The candidate that India’s ruling Bharatiya Janata Party (BJP) has put forward for the largely ceremonial post of president looks like a canny choice: Ram Nath Kovind, a longtime devotee of a Hindu group allied with the party, but also a dalit—the bottom rung in India’s caste system. He should appeal both to the party’s religiously motivated base, but also to other dalits, who make up close to 20% of the population. Given the strength of the BJP and its allies in Parliament, which elects the president, his ascent is all but assured.
![]() |
Narendra Modi's government is extremely sensitive to criticism |
The BJP is always looking for ways to shore up its support, but not all of them are so positive.

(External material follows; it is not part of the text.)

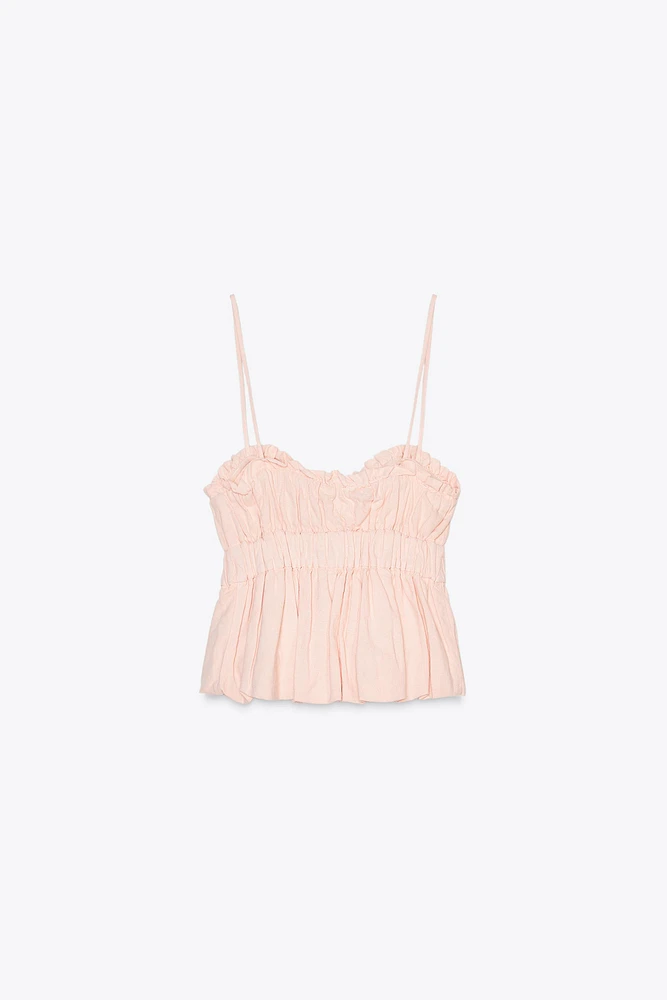 LINEN ELASTIC TOP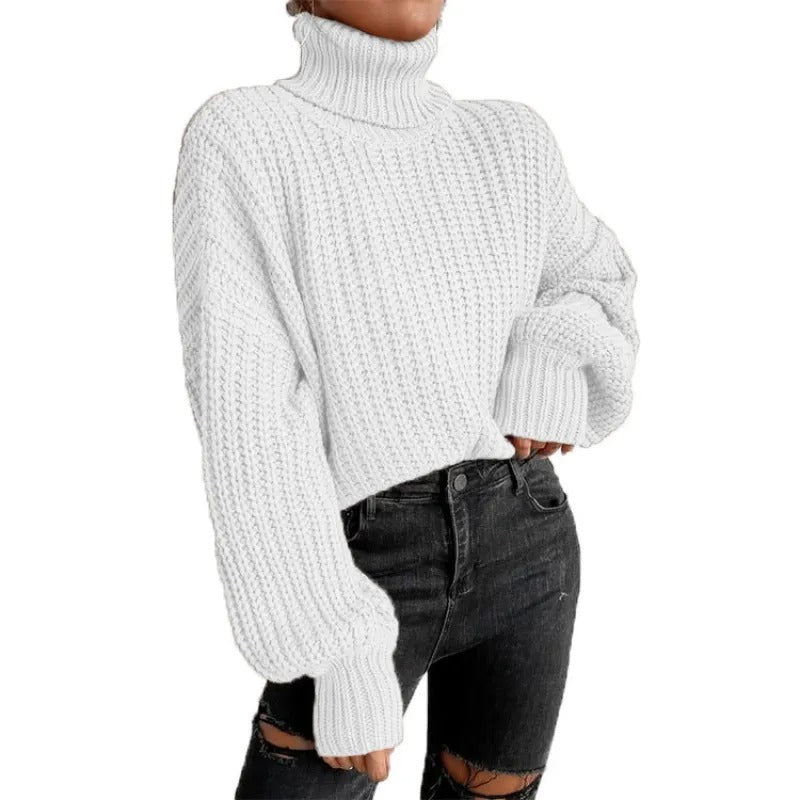 May - Casual Herfst Coltrui met Brede Schouders voor Vrouwen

When Mr Kovind’s nomination was announced, Rana Ayyub, a journalist critical of the party, lambasted the choice on Twitter. It took a spokesman for the party less than eight hours to file a complaint with the police, claiming that she was stirring up hatred on the basis of caste—an offence in India—even though the tweet had made no mention of caste.
Under the leadership of Narendra Modi, the prime minister, the BJP has won a string of impressive electoral victories, at both the national and state level. The opposition is in disarray; another BJP triumph seems likely in 2019. Yet the BJP is extremely sensitive to criticism.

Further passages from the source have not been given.